Okay, what difficulty are you having? The problem says "use Simpson's rule". Do you know what "Simpson's rule" is? Simpson's rule is a numerical method for approximating an integral:
\int_a^b f(x)dx= \frac{b- a}{3n}\left(y_0+ 4y_1+ 2y_2+ \cdot\cdot\cdot+ 2y_{n-2}+ 4y_{n-1}+ y_n\right)
The interval from a to b is divided into n sub-intervals, each of length (b- a)/n. Each y_i is the value of the function at x_i, the endpoint of the ith sub-interval.
Note that coefficients "4" and "2" alternate except for the first and last terms. And that n must be even (an integer number of "4" and "2" terms plus the first and last) so that the number of points must be odd (we start counting with "0"). In this problem we are given 7 points so y values will be labeled y_0, y_1, y_2, y_3, y_4, y_5, and y_6.

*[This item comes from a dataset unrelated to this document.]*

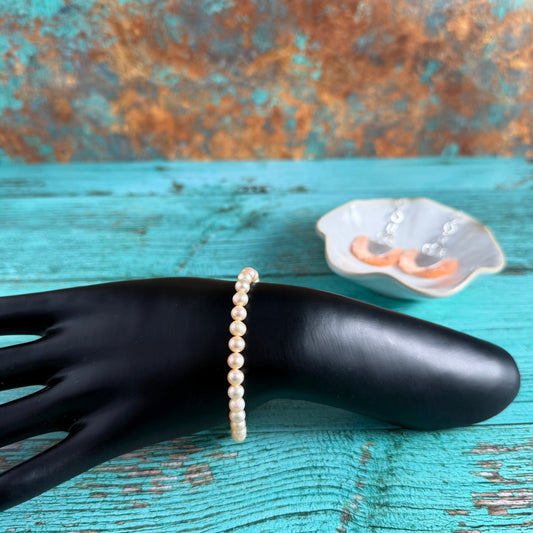 5.20.26WS Peach Pearl Bracelets Workshop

Or is the difficulty setting up the integral? You are told that the lake has width 5 m and length 100 m. You are given the depth at 20 m intervals of the length. Nothing is said about the depth along the width so the only thing you can do is assume it is constant along the width. You are told, for example, that the depth at 40 m is 1.8 meters. The width is 5 m and the distance to the next given depth, at 60 m, is 20m. That is a 1.8 by 5 by 20 rectangular solid so has volume (1.8)(5)(20)= 180. That is your "y_2". Calculate y_0 as (2.0)(5)(20), y_1 as (1.6)(5)(20), y_2 as (1.8)(5)(20), y_3as (2.1)(5)(20), y_4 as (2.1)(5)(20), y_5 as (1.9)(5)(20), and y_6 as (2.2)(5)(20).